• _WORK INSTRUCTION_: Transcribe nothing except the lines below that run from the one with "Luftballon Girlande hellblau" to the one with "Elegant ABSTRACT FACE", ends included, and do not copy any picture.
BEGIN SUPPLIED MATERIAL
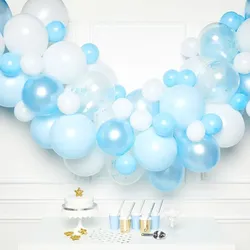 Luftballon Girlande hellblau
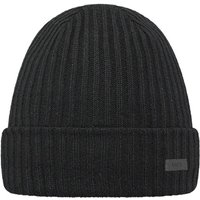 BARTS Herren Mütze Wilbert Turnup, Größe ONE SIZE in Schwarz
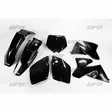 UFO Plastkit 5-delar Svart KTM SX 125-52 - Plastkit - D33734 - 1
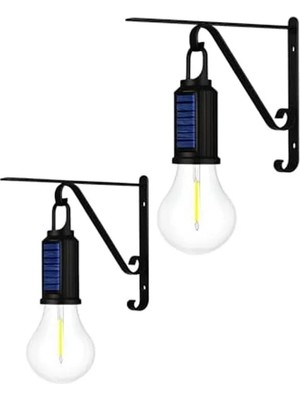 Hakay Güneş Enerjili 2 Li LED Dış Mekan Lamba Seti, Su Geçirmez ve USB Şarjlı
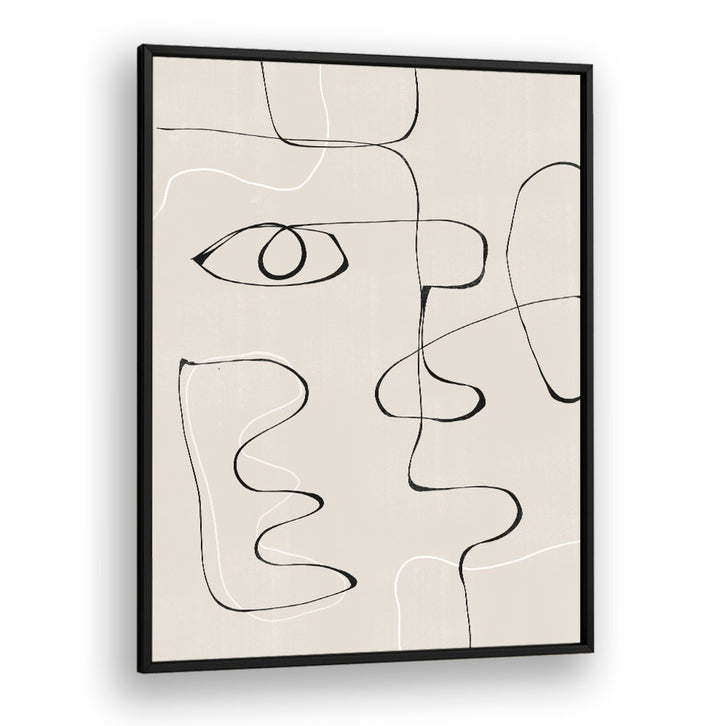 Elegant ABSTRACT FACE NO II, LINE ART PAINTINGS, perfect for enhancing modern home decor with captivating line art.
END SUPPLIED MATERIAL
BEGIN SUPPLIED MATERIAL
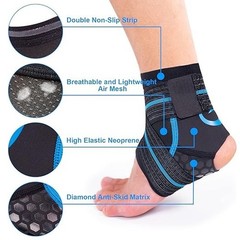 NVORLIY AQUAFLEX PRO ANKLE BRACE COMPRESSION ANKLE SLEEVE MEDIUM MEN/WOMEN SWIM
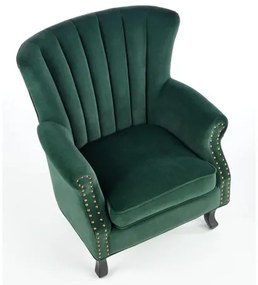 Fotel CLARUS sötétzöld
END SUPPLIED MATERIAL
BEGIN SUPPLIED MATERIAL
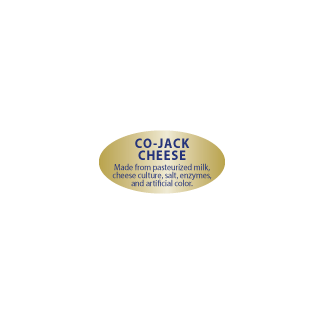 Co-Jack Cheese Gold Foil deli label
END SUPPLIED MATERIAL
• _RESPONSE FOR THIS EXERCISE_:
 Luftballon Girlande hellblau
 BARTS Herren Mütze Wilbert Turnup, Größe ONE SIZE in Schwarz
 UFO Plastkit 5-delar Svart KTM SX 125-52 - Plastkit - D33734 - 1
 Hakay Güneş Enerjili 2 Li LED Dış Mekan Lamba Seti, Su Geçirmez ve USB Şarjlı
 Elegant ABSTRACT FACE NO II, LINE ART PAINTINGS, perfect for enhancing modern home decor with captivating line art.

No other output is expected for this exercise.